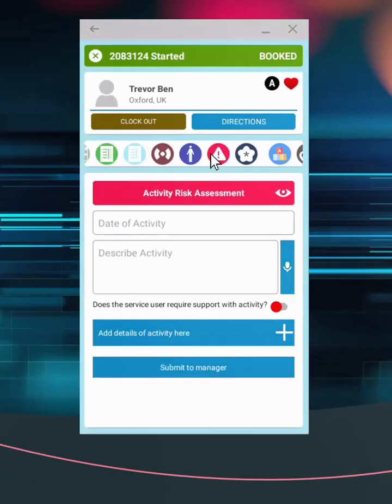To assess risk related to an outing or other activities, use the activity risk form, complete as required, by typing, or through speech to text.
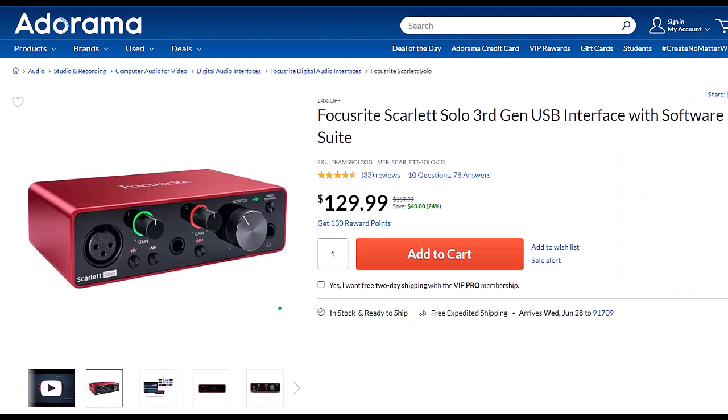Focusrite Scarlett Solo 3rd Gen USB Interface with Software Suite. I've been using a Focusrite for years for my audio needs, before which I had a USB microphone that plugged directly into the computer. If you want to increase the quality of your microphone, you will need an interface. The Focusrite is the go-to interface, as far as I'm concerned. It works well, it's easy to use, and it seems quite durably built.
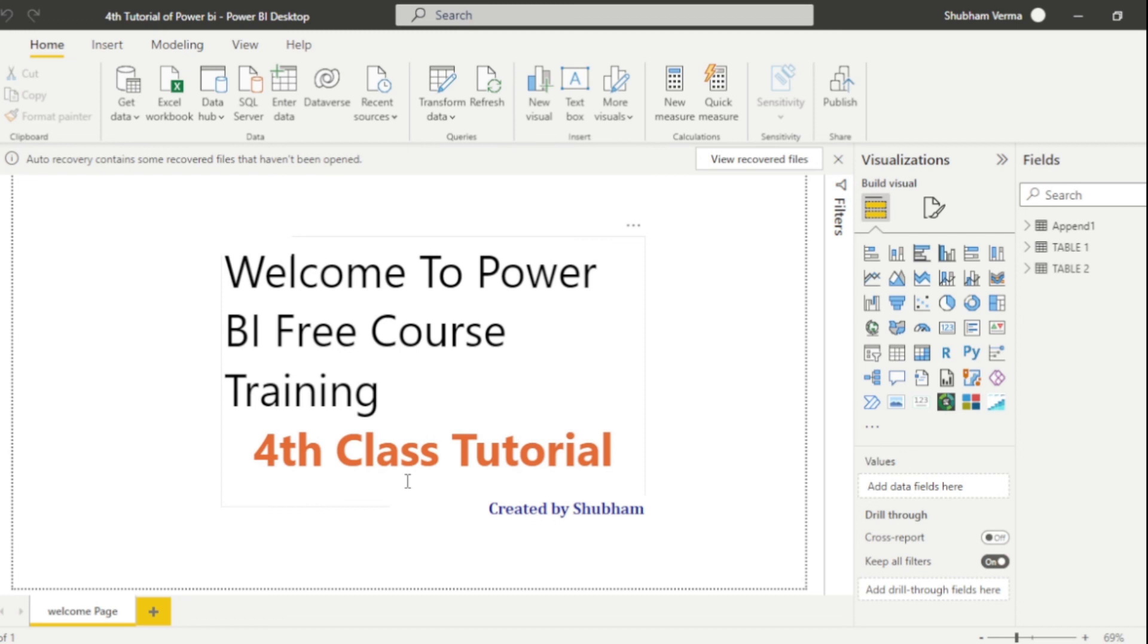So please stay tuned with us and kindly share this channel. Don't forget to like, subscribe and share. Thank you so much.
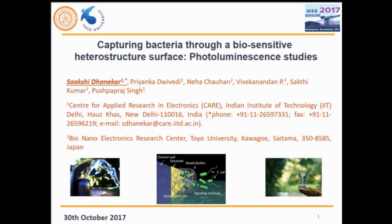I am Dr. Sakshi Dharkar, working as a faculty member at the Center for Applied Research and Electronics at IIT Delhi, which is the capital city of India. I would like to thank IEEE for giving an opportunity to come here and present our work.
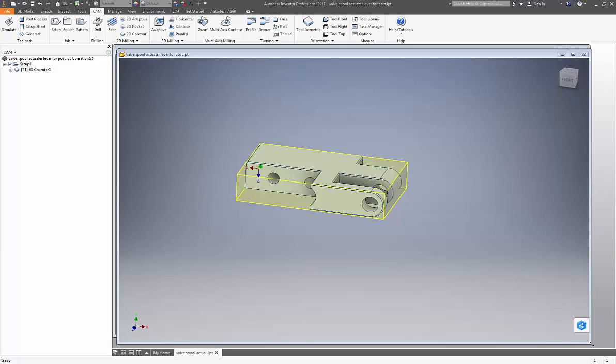Welcome to Solid Edge Inventor Pro HSM. Today I'm going to discuss some tips and tricks for doing a 2D chamfer mill toolpath. So let us begin.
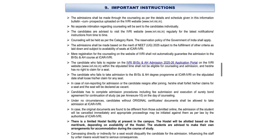For participating in counseling, online registration is mandatory. If you fail to report at the college on the given day, you will be disqualified from counseling. They also mentioned that hostel facility is limited. I hope this video is helpful for you. You can follow me on Instagram and Telegram — links are in the description. See you all in the next video, till then take care, bye!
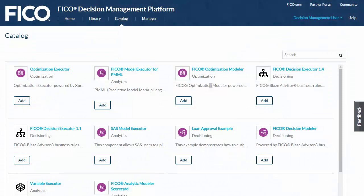This video shows how you manage a component on the Decision Management Platform. We'll cover how to acquire and configure a component and how to publish it for testing and for deployment into production.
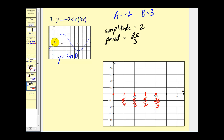At zero radians the basic sine function equals zero, so that's still true here. On the basic sine function the first quarter is up at positive one, but since the amplitude is two we might expect positive two. However, the negative sign results in a reflection across the x-axis, so we're actually down at negative two. The second quarter is back at zero. At the third quarter, which would normally be a minimum, the reflection makes it a maximum — up at positive two. Then back to zero, completing the graph of y equals negative two sine 3x.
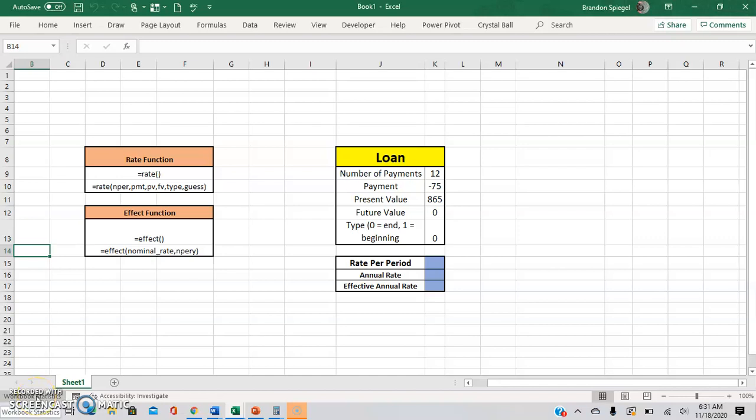What's going on YouTube? I just wanted to give a quick tutorial about the rate function in Excel. The rate function is basically an Excel function that will calculate the rate per period of a loan, for example.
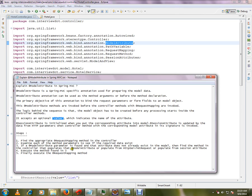Okay, so if you find model attribute and that attribute does not already exist in the model, then find the method in the controller that populates the model attribute. I'll show you a picture.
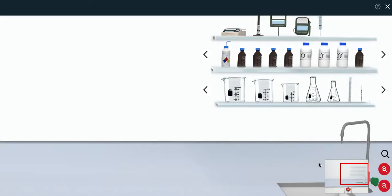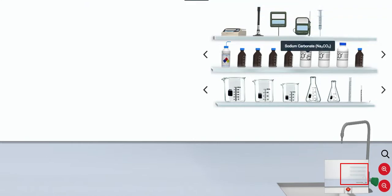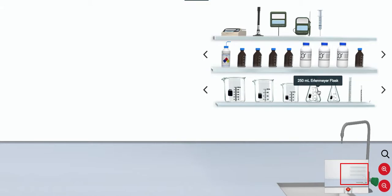Once inside the lab, you'll notice that the instruments, materials, and container shelves have been separated, so it's easier for students to view what they'll be working with in the lab.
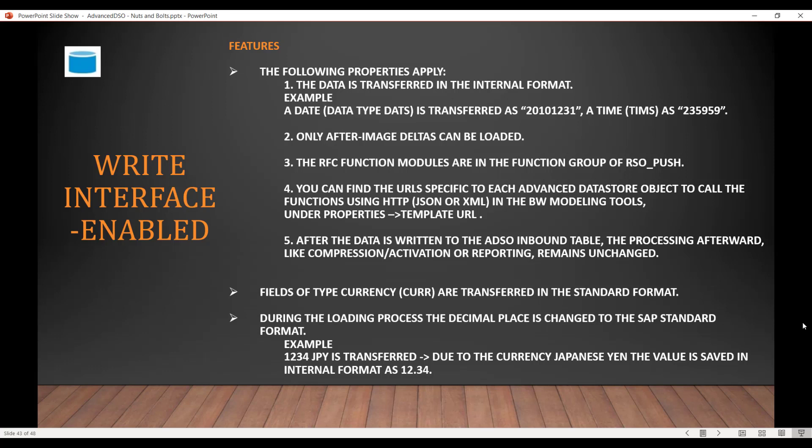After the data is written to the inbound table, the processing is the same as a standard compression or activation process. Fields of type currency (CURR) are transferred in standard format, and during the loading process the decimal places are changed to SAP standard format. For example, Japanese Yen (JPY) — if the value is 1234, it is saved in the internal format as 12.34, so a decimal factor following SAP standard format is applied.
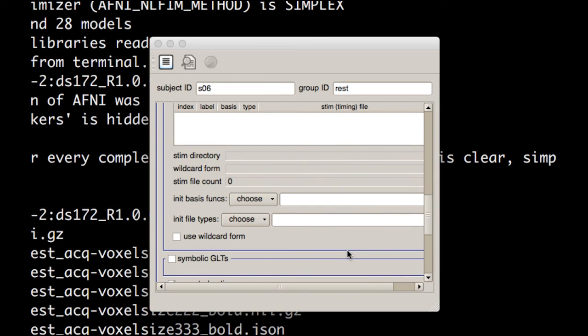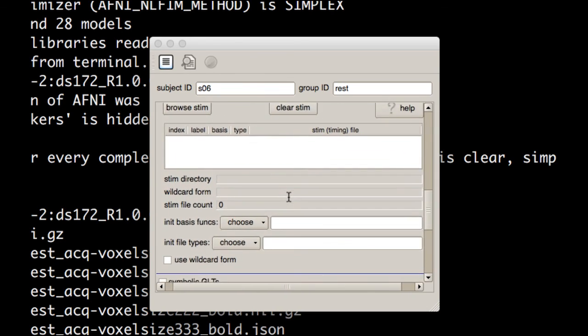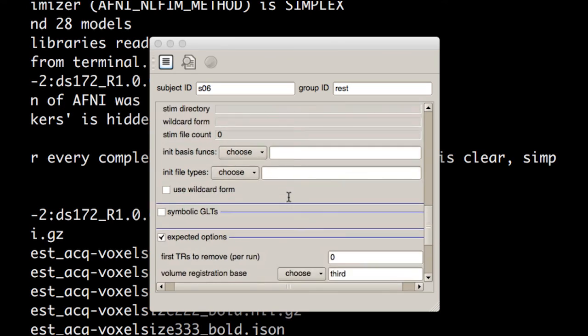Notice that we're not doing a task, so there's no need to mess with anything like stimulus timing, setting up anything with the GLM. We're not going to be doing any of that. We will be setting up a GLM, but it's only to capture nuisance regressors like motion and frequencies that we're not interested in.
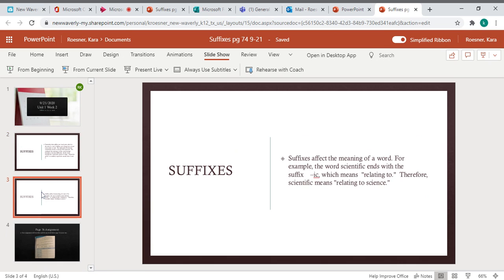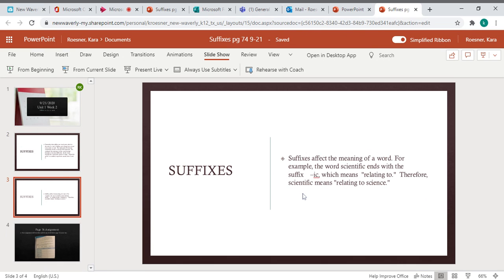This is just coming off of your page 74. Suffixes affect the meaning of a word. For example, the word scientific ends with a suffix IC, which means relating to. Therefore, scientific means relating to science.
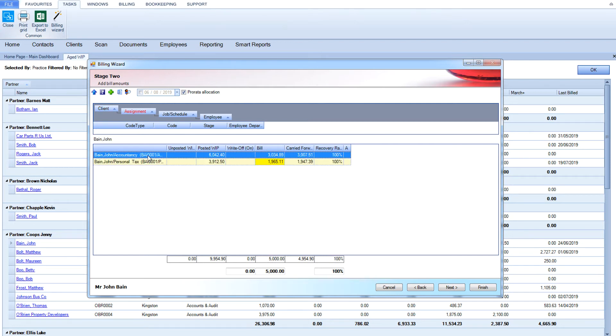At any level, you can override the amount on the bill that is allocated to these levels. You can also include any work in progress that will be carried forward, or write any amount off.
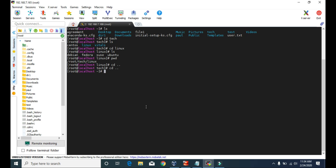Now if you want to go back to the linux directory, you can either repeat the whole steps — go to the tech directory first and then go to the linux directory — but you can do this in just one step. You just type cd then tech slash linux. Now we are in the linux directory again. You have to type the full path of the particular directory that you want to go inside.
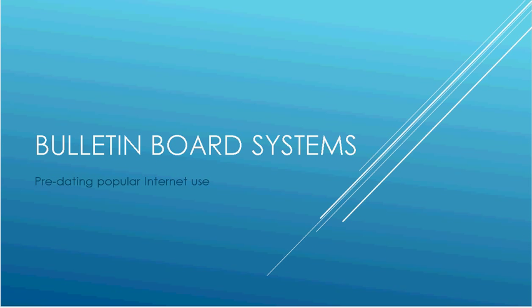Hi, everybody. Just wanted to give a little presentation about what online systems people used before the Internet was popular. Now, back in the 1980s and 90s, before the Internet was popular, people still used online systems,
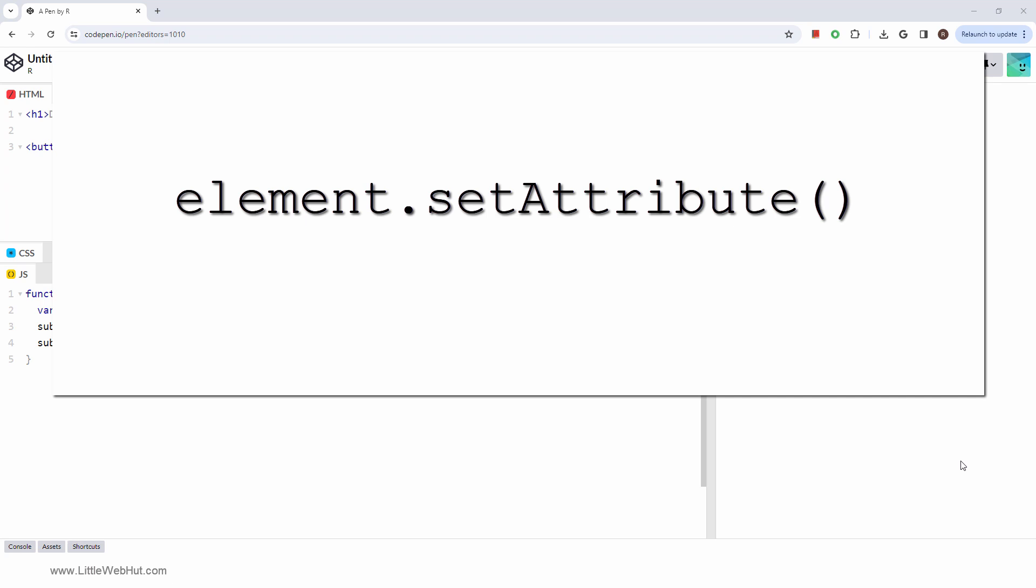This method is a part of the document object model, or DOM, which represents the structure of your web pages.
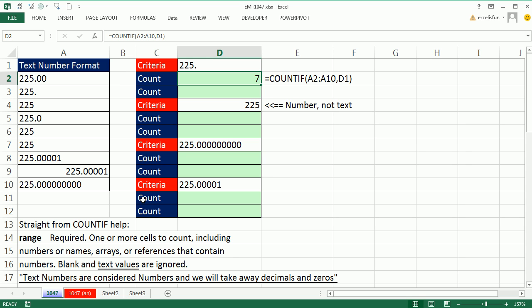So you go down to help, and it says in the range argument, blanks and text values are ignored. Now I don't really know what they mean by that. Text values, maybe they mean these are all text values like numbers. So if you were using formatting,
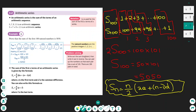We have 100 columns and each column has a sum of 101, so 2S equals 100 times 101. Dividing by 2 gives S equals 50 times 101, which is 5050. This confirms that the sum of the first 100 natural numbers is 5050.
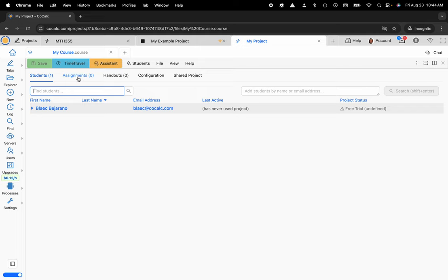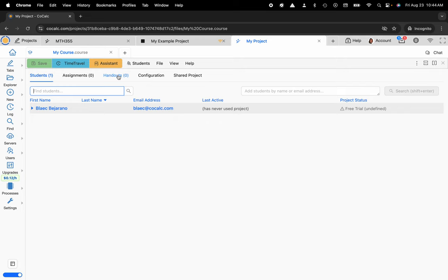So that's the functionality of assignments. For Handouts, this is explicitly for something that I want to just distribute to my students. I'm not going to collect this from them. This is perfect for like a syllabus or some supplementary materials that will accompany your assignments.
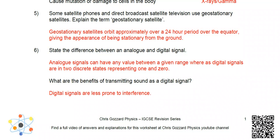Number 6: State the difference between an analogue and digital signal. Analogue signals can have basically any value between a given range, whereas digital signals are two discrete states representing 1 and 0. What are the benefits of transmitting sound as a digital signal? Digital signals are less prone to interference.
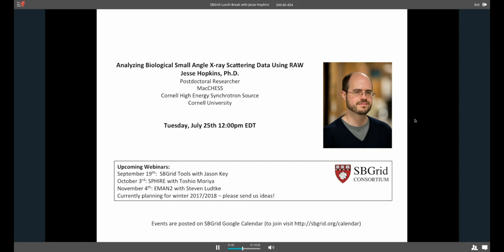Hey, everyone. This is Jason Key at Harvard Medical School with SB Grid. Thanks for signing on today. We'll go ahead and get started. So today, it's a pleasure to introduce Jesse Hopkins, who's joining us from MacChess, the Cornell high energy synchrotron source. He's going to be telling us about analyzing small angle X-ray scattering data using RAW. So Jesse, go ahead.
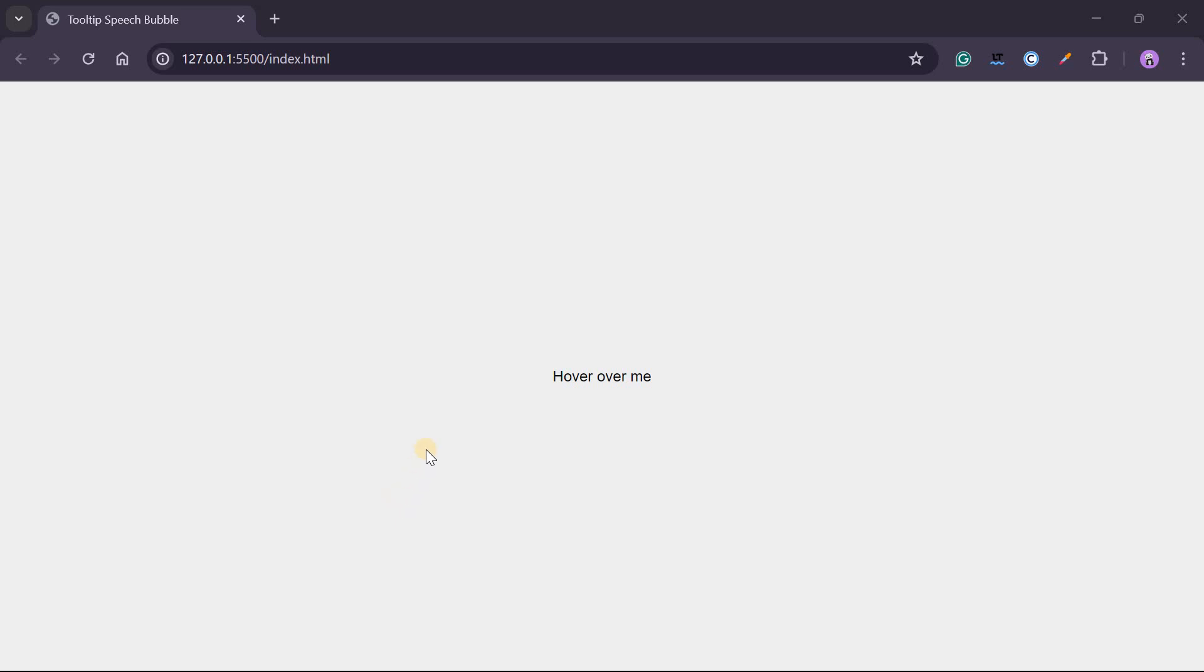Hi guys, today I'm going to show you how to create this simple tooltip bubble. So here is the tooltip when I hover over this, you can see there's that little thing coming up.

*The problem*
What you return should match the records above word for word, minus the pictures.

*Result*
To assess risk related to an outing or other activities, use the activity risk form, complete as required, by typing, or through speech to text.
Focusrite Scarlett Solo 3rd Gen USB Interface with Software Suite. I've been using a Focusrite for years for my audio needs, before which I had a USB microphone that plugged directly into the computer. If you want to increase the quality of your microphone, you will need an interface. The Focusrite is the go-to interface, as far as I'm concerned. It works well, it's easy to use, and it seems quite durably built.
So please stay tuned with us and kindly share this channel. Don't forget to like, subscribe and share. Thank you so much.
I am Dr. Sakshi Dharkar, working as a faculty member at the Center for Applied Research and Electronics at IIT Delhi, which is the capital city of India. I would like to thank IEEE for giving an opportunity to come here and present our work.
Welcome to Solid Edge Inventor Pro HSM. Today I'm going to discuss some tips and tricks for doing a 2D chamfer mill toolpath. So let us begin.
For participating in counseling, online registration is mandatory. If you fail to report at the college on the given day, you will be disqualified from counseling. They also mentioned that hostel facility is limited. I hope this video is helpful for you. You can follow me on Instagram and Telegram — links are in the description. See you all in the next video, till then take care, bye!
This video shows how you manage a component on the Decision Management Platform. We'll cover how to acquire and configure a component and how to publish it for testing and for deployment into production.
At zero radians the basic sine function equals zero, so that's still true here. On the basic sine function the first quarter is up at positive one, but since the amplitude is two we might expect positive two. However, the negative sign results in a reflection across the x-axis, so we're actually down at negative two. The second quarter is back at zero. At the third quarter, which would normally be a minimum, the reflection makes it a maximum — up at positive two. Then back to zero, completing the graph of y equals negative two sine 3x.
What's going on YouTube? I just wanted to give a quick tutorial about the rate function in Excel. The rate function is basically an Excel function that will calculate the rate per period of a loan, for example.
Okay, so if you find model attribute and that attribute does not already exist in the model, then find the method in the controller that populates the model attribute. I'll show you a picture.
Once inside the lab, you'll notice that the instruments, materials, and container shelves have been separated, so it's easier for students to view what they'll be working with in the lab.
After the data is written to the inbound table, the processing is the same as a standard compression or activation process. Fields of type currency (CURR) are transferred in standard format, and during the loading process the decimal places are changed to SAP standard format. For example, Japanese Yen (JPY) — if the value is 1234, it is saved in the internal format as 12.34, so a decimal factor following SAP standard format is applied.
Notice that we're not doing a task, so there's no need to mess with anything like stimulus timing, setting up anything with the GLM. We're not going to be doing any of that. We will be setting up a GLM, but it's only to capture nuisance regressors like motion and frequencies that we're not interested in.
This is just coming off of your page 74. Suffixes affect the meaning of a word. For example, the word scientific ends with a suffix IC, which means relating to. Therefore, scientific means relating to science.
At any level, you can override the amount on the bill that is allocated to these levels. You can also include any work in progress that will be carried forward, or write any amount off.
Now if you want to go back to the linux directory, you can either repeat the whole steps — go to the tech directory first and then go to the linux directory — but you can do this in just one step. You just type cd then tech slash linux. Now we are in the linux directory again. You have to type the full path of the particular directory that you want to go inside.
Hi, everybody. Just wanted to give a little presentation about what online systems people used before the Internet was popular. Now, back in the 1980s and 90s, before the Internet was popular, people still used online systems,
This method is a part of the document object model, or DOM, which represents the structure of your web pages.
So you go down to help, and it says in the range argument, blanks and text values are ignored. Now I don't really know what they mean by that. Text values, maybe they mean these are all text values like numbers. So if you were using formatting,
We have 100 columns and each column has a sum of 101, so 2S equals 100 times 101. Dividing by 2 gives S equals 50 times 101, which is 5050. This confirms that the sum of the first 100 natural numbers is 5050.
So that's the functionality of assignments. For Handouts, this is explicitly for something that I want to just distribute to my students. I'm not going to collect this from them. This is perfect for like a syllabus or some supplementary materials that will accompany your assignments.
Number 6: State the difference between an analogue and digital signal. Analogue signals can have basically any value between a given range, whereas digital signals are two discrete states representing 1 and 0. What are the benefits of transmitting sound as a digital signal? Digital signals are less prone to interference.
Hey, everyone. This is Jason Key at Harvard Medical School with SB Grid. Thanks for signing on today. We'll go ahead and get started. So today, it's a pleasure to introduce Jesse Hopkins, who's joining us from MacChess, the Cornell high energy synchrotron source. He's going to be telling us about analyzing small angle X-ray scattering data using RAW. So Jesse, go ahead.
Hi guys, today I'm going to show you how to create this simple tooltip bubble. So here is the tooltip when I hover over this, you can see there's that little thing coming up.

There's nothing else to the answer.